▶ **WORK TASK**: Would you transcribe the records below exactly, omitting every picture?

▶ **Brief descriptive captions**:
━━━

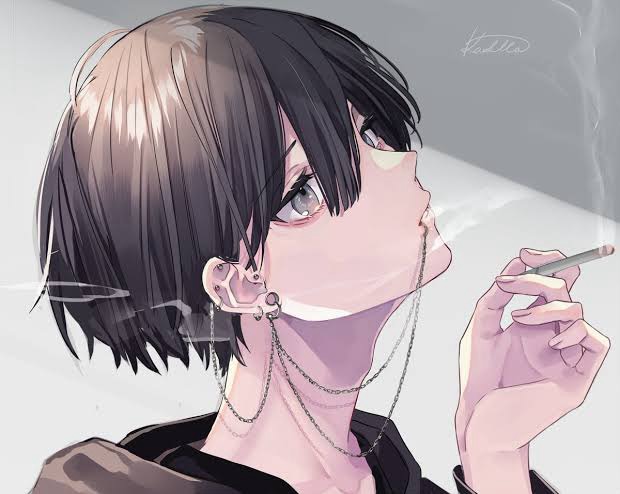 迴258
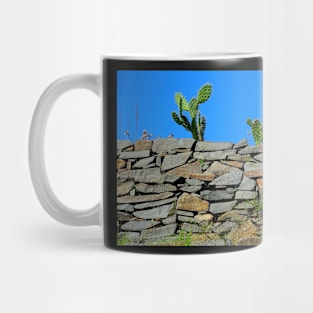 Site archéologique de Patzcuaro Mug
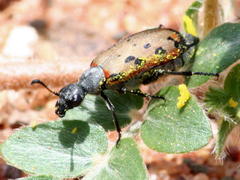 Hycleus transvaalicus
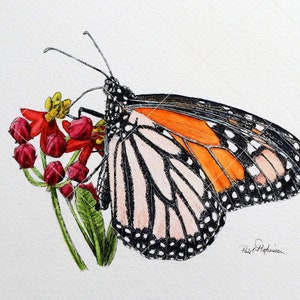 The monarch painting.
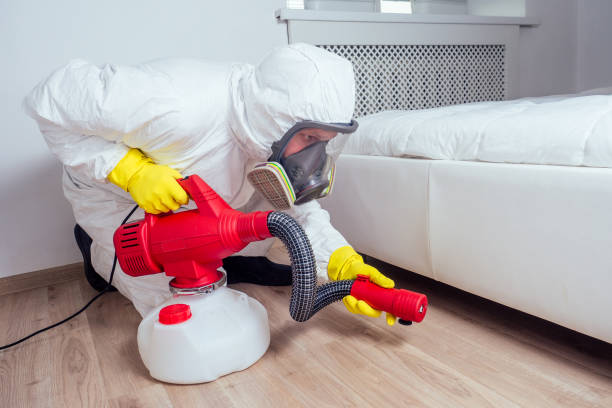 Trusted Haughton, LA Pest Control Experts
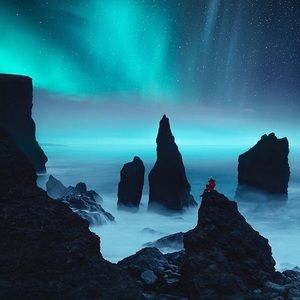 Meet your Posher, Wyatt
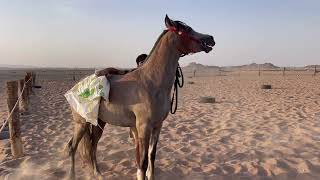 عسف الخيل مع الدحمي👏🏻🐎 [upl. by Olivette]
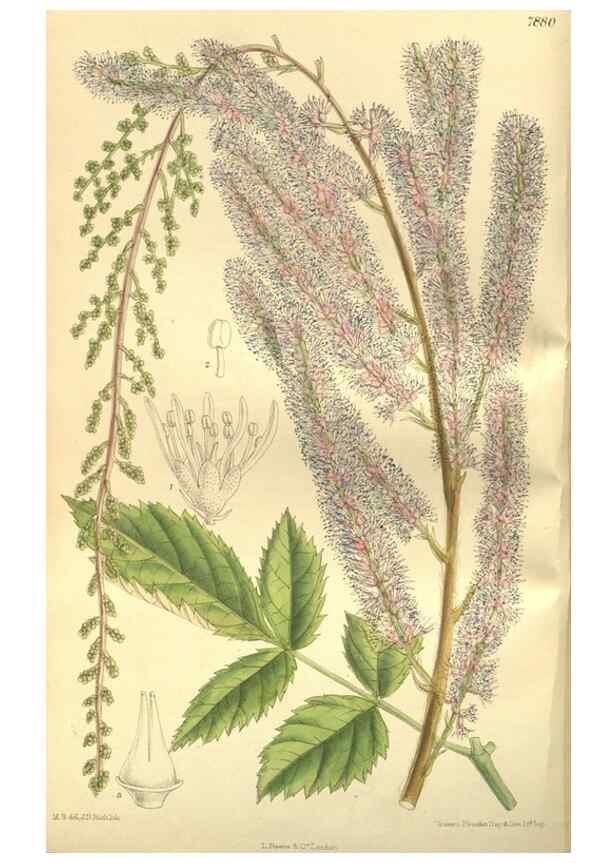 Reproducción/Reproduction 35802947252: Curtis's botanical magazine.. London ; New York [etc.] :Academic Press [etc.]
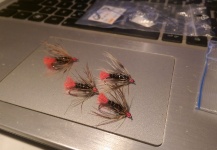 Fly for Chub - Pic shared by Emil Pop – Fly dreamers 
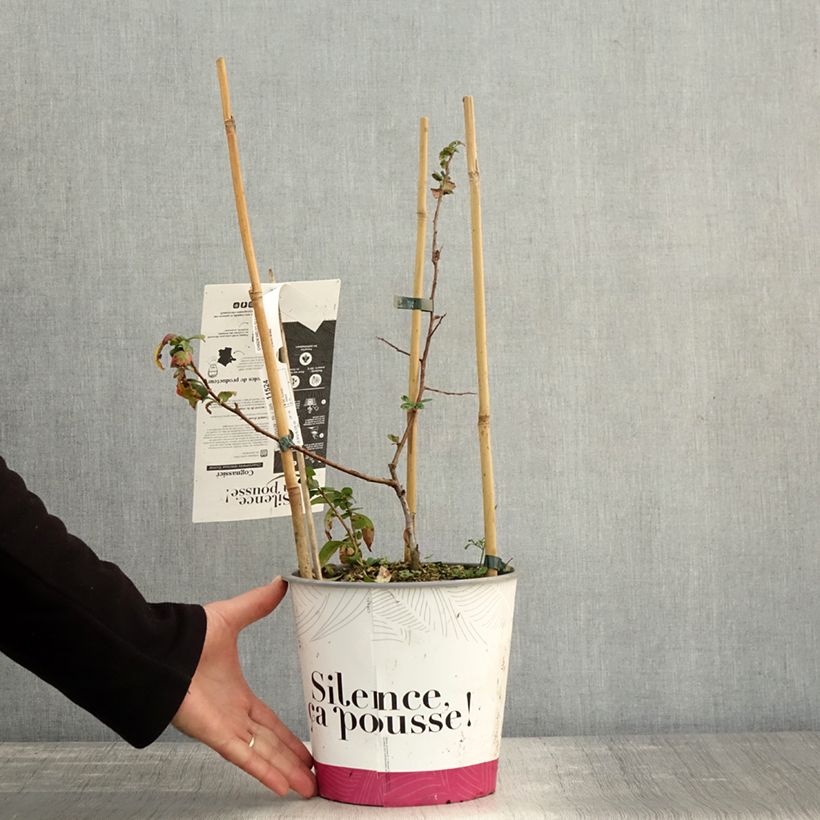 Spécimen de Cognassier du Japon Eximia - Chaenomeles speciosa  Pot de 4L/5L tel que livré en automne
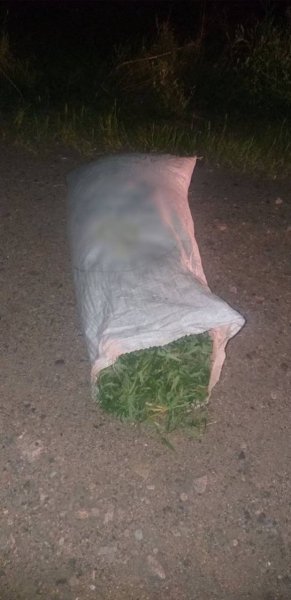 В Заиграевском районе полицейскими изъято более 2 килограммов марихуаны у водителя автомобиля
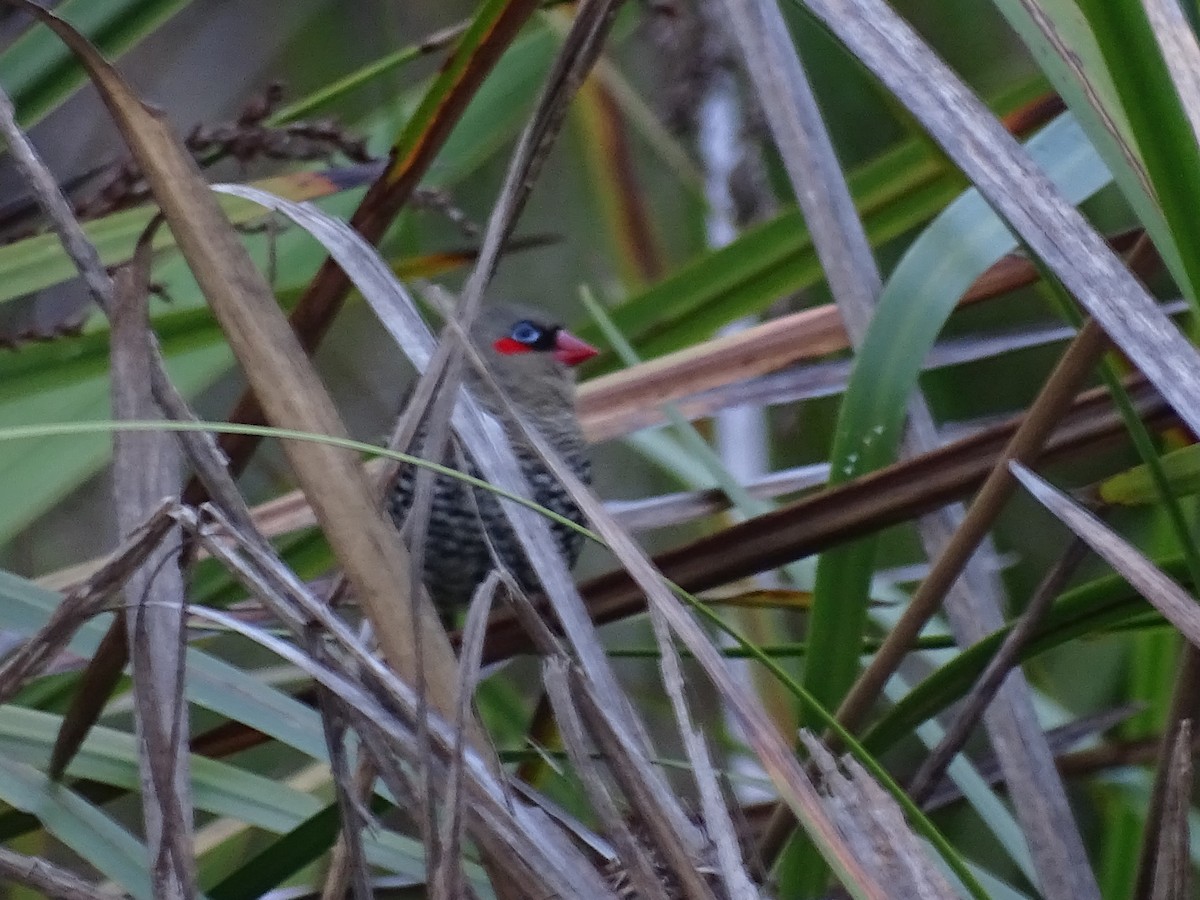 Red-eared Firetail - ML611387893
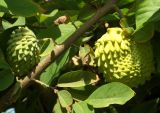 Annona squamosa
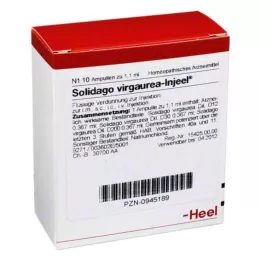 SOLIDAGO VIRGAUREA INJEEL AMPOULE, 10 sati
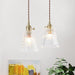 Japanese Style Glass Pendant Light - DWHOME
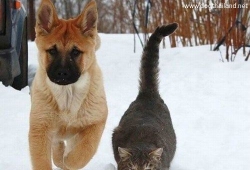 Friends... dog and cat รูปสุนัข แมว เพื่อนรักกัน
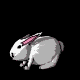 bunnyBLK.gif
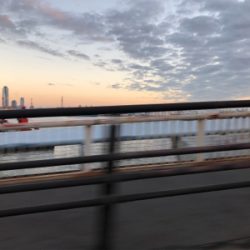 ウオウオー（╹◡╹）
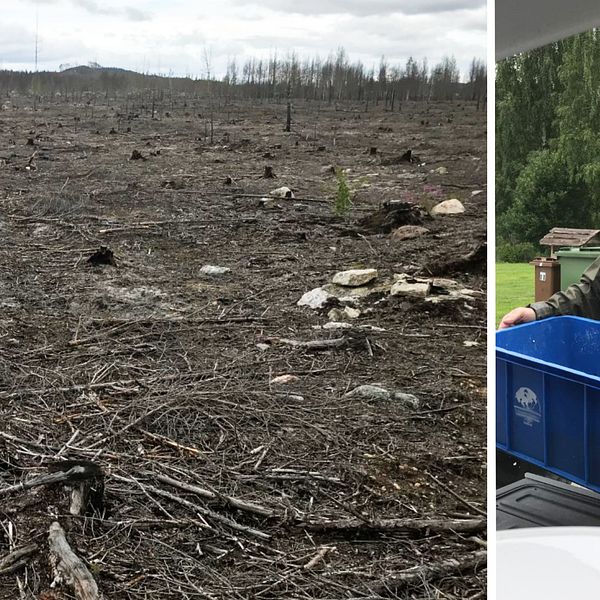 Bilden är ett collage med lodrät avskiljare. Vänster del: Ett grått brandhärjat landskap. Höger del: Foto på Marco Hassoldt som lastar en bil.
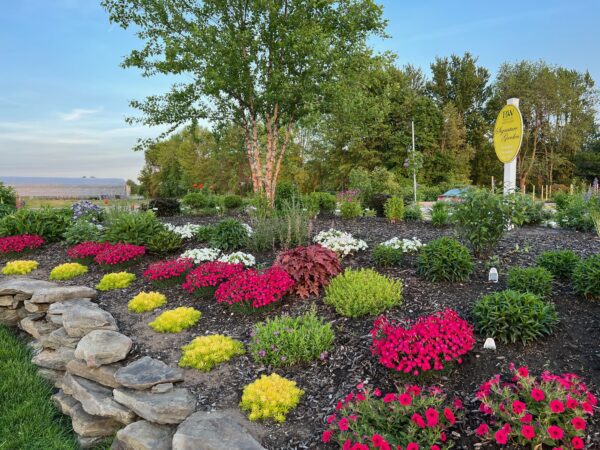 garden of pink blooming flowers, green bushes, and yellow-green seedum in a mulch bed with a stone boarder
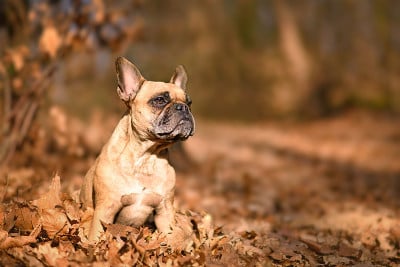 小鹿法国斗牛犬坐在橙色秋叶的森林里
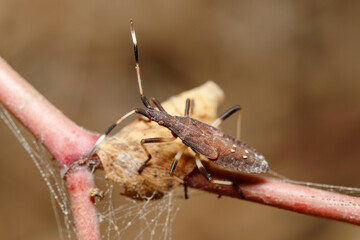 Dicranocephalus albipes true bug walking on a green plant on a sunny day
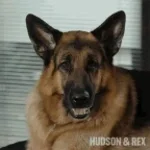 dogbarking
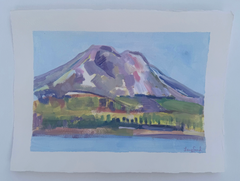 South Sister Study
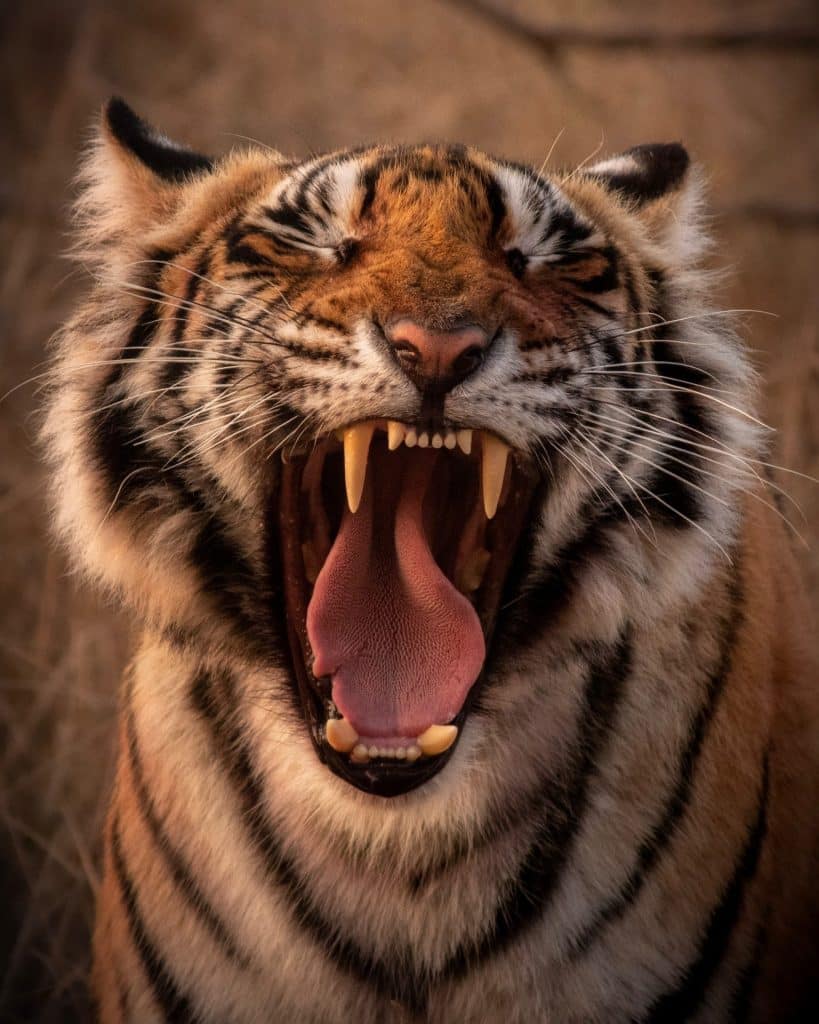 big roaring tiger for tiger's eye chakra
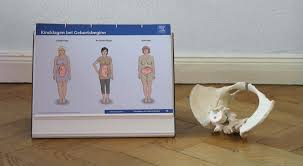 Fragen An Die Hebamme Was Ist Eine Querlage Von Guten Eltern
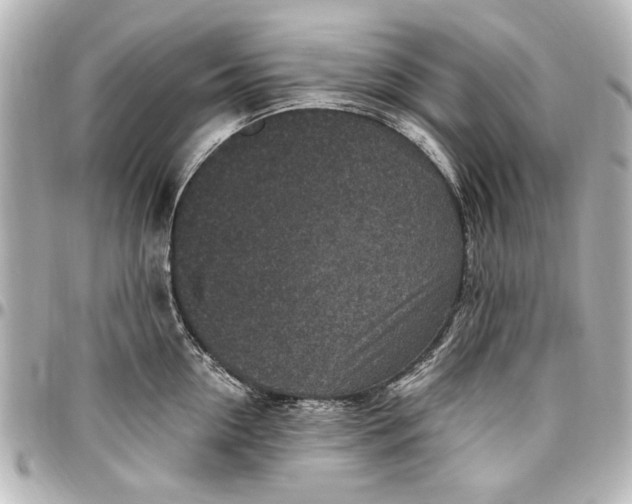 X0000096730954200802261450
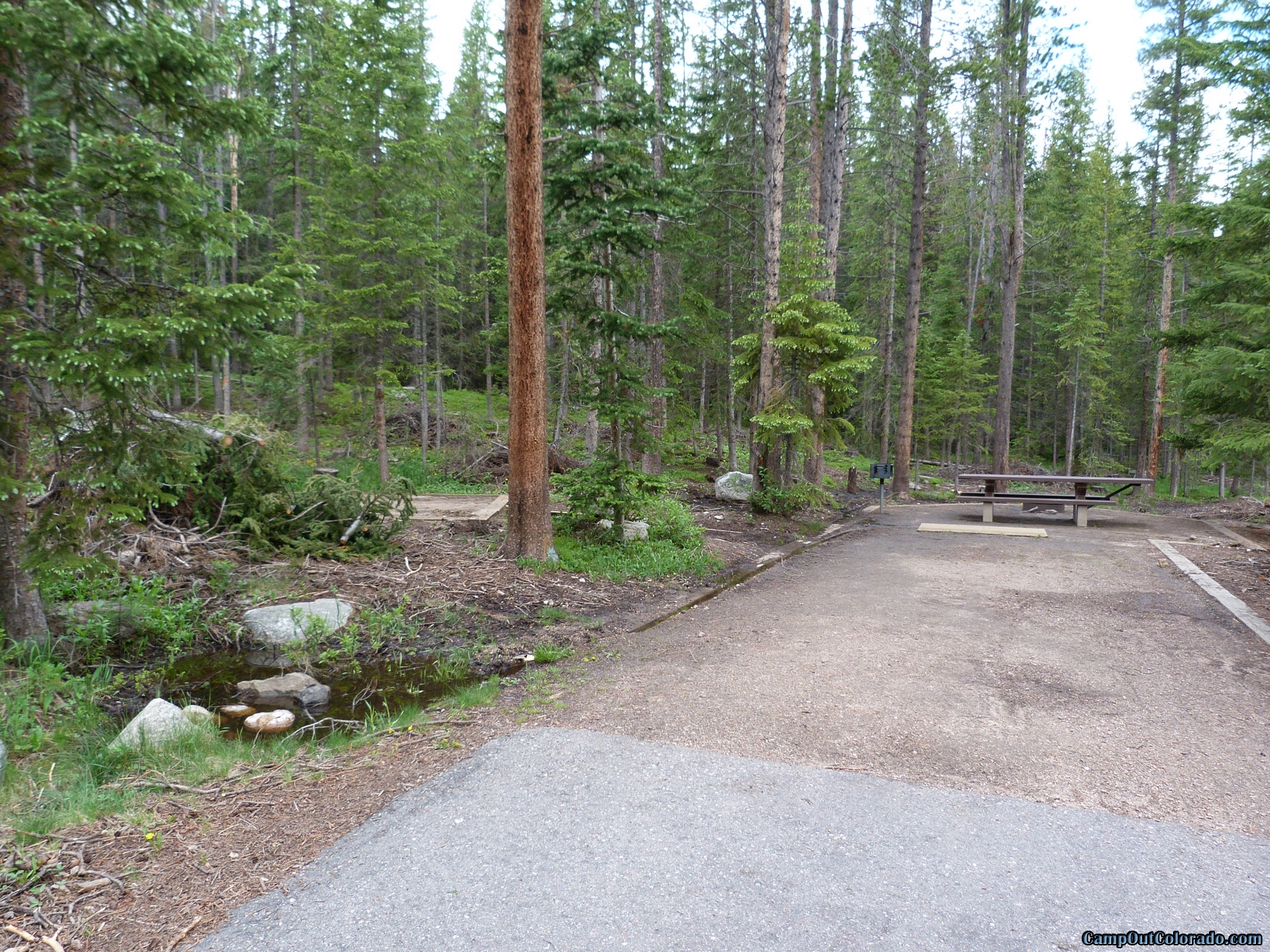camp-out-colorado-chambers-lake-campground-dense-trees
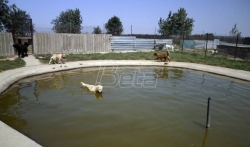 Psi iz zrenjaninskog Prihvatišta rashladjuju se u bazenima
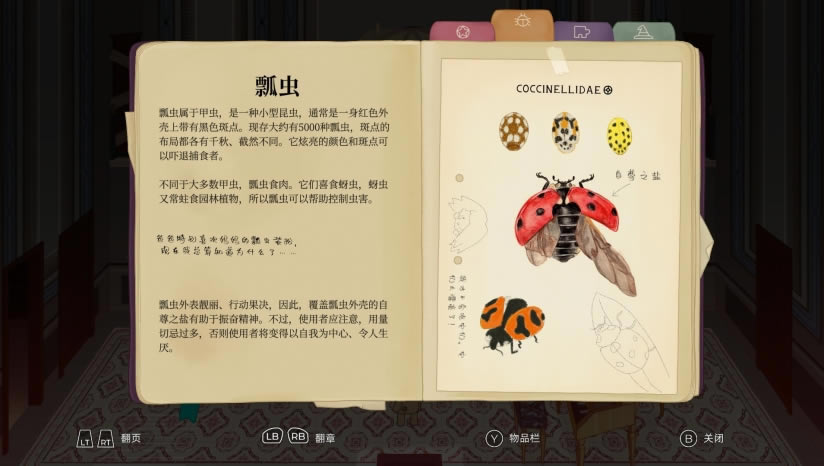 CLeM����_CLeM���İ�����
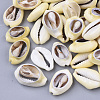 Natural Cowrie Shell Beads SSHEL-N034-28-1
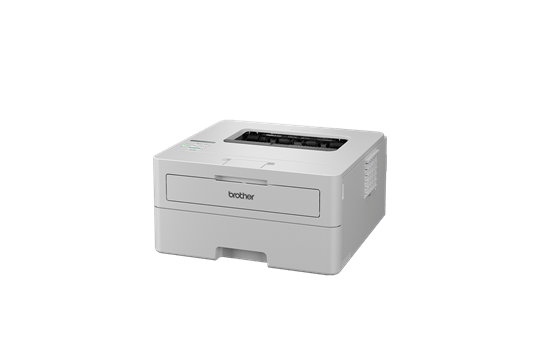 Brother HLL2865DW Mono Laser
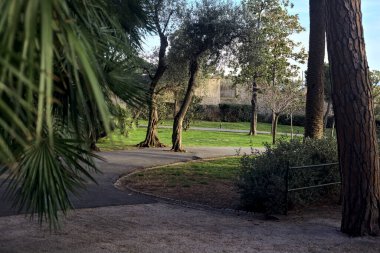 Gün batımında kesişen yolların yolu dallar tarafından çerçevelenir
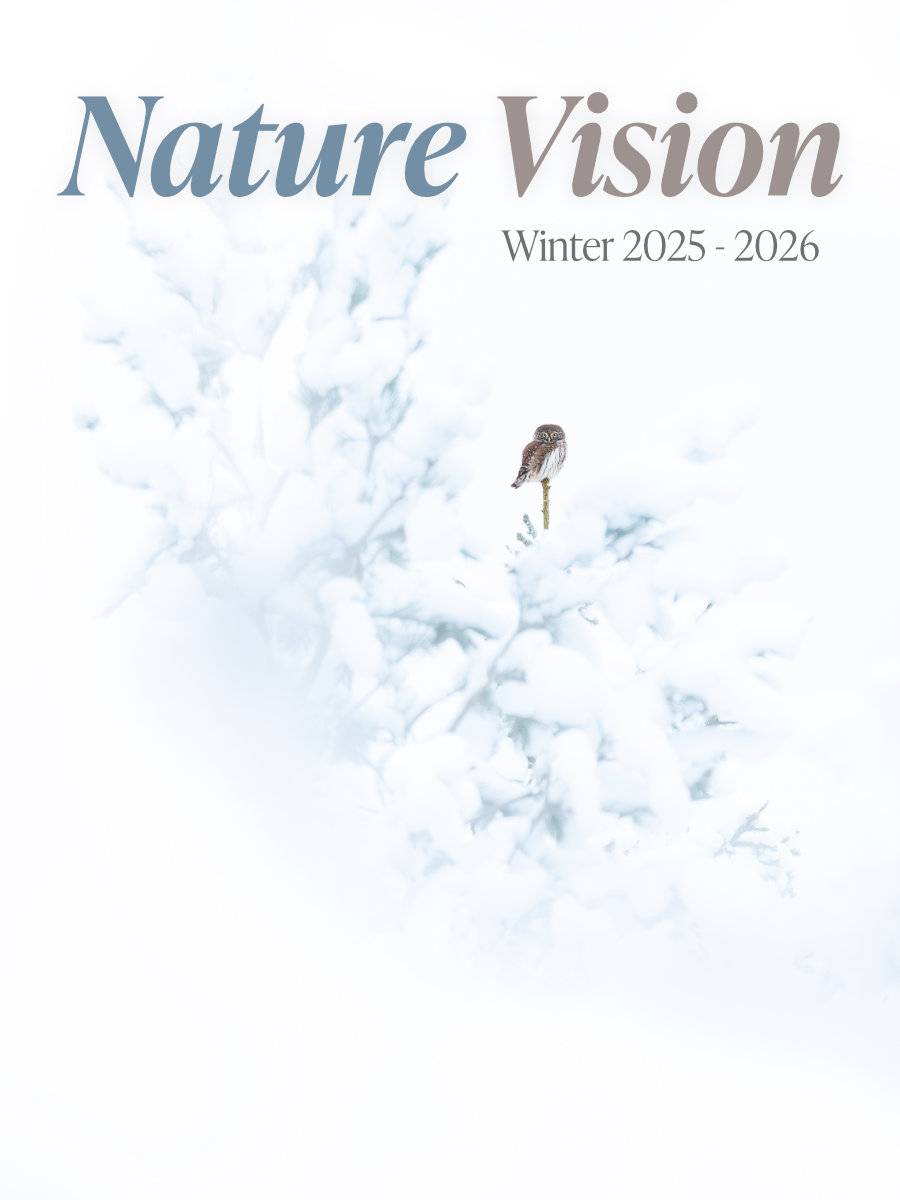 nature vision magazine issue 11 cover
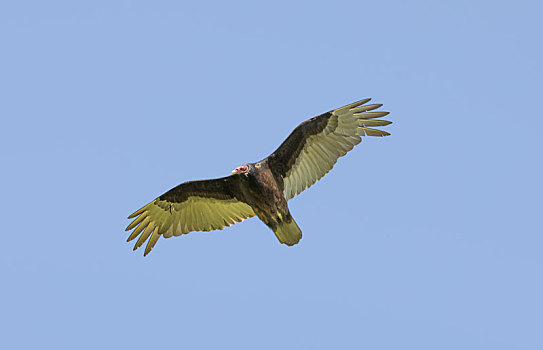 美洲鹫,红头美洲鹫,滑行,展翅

━━━

▶ **WRITTEN RESPONSE**:
 迴258
 Site archéologique de Patzcuaro Mug
 Hycleus transvaalicus
 The monarch painting.
 Trusted Haughton, LA Pest Control Experts
 Meet your Posher, Wyatt
 عسف الخيل مع الدحمي👏🏻🐎 [upl. by Olivette]
 Reproducción/Reproduction 35802947252: Curtis's botanical magazine.. London ; New York [etc.] :Academic Press [etc.]
 Fly for Chub - Pic shared by Emil Pop – Fly dreamers 
 Spécimen de Cognassier du Japon Eximia - Chaenomeles speciosa  Pot de 4L/5L tel que livré en automne
 В Заиграевском районе полицейскими изъято более 2 килограммов марихуаны у водителя автомобиля
 Red-eared Firetail - ML611387893
 Annona squamosa
 SOLIDAGO VIRGAUREA INJEEL AMPOULE, 10 sati
 Japanese Style Glass Pendant Light - DWHOME
 Friends... dog and cat รูปสุนัข แมว เพื่อนรักกัน
 bunnyBLK.gif
 ウオウオー（╹◡╹）
 Bilden är ett collage med lodrät avskiljare. Vänster del: Ett grått brandhärjat landskap. Höger del: Foto på Marco Hassoldt som lastar en bil.
 garden of pink blooming flowers, green bushes, and yellow-green seedum in a mulch bed with a stone boarder
 小鹿法国斗牛犬坐在橙色秋叶的森林里
 Dicranocephalus albipes true bug walking on a green plant on a sunny day
 dogbarking
 South Sister Study
 big roaring tiger for tiger's eye chakra
 Fragen An Die Hebamme Was Ist Eine Querlage Von Guten Eltern
 X0000096730954200802261450
camp-out-colorado-chambers-lake-campground-dense-trees
 Psi iz zrenjaninskog Prihvatišta rashladjuju se u bazenima
 CLeM����_CLeM���İ�����
 Natural Cowrie Shell Beads SSHEL-N034-28-1
 Brother HLL2865DW Mono Laser
 Gün batımında kesişen yolların yolu dallar tarafından çerçevelenir
 nature vision magazine issue 11 cover
 美洲鹫,红头美洲鹫,滑行,展翅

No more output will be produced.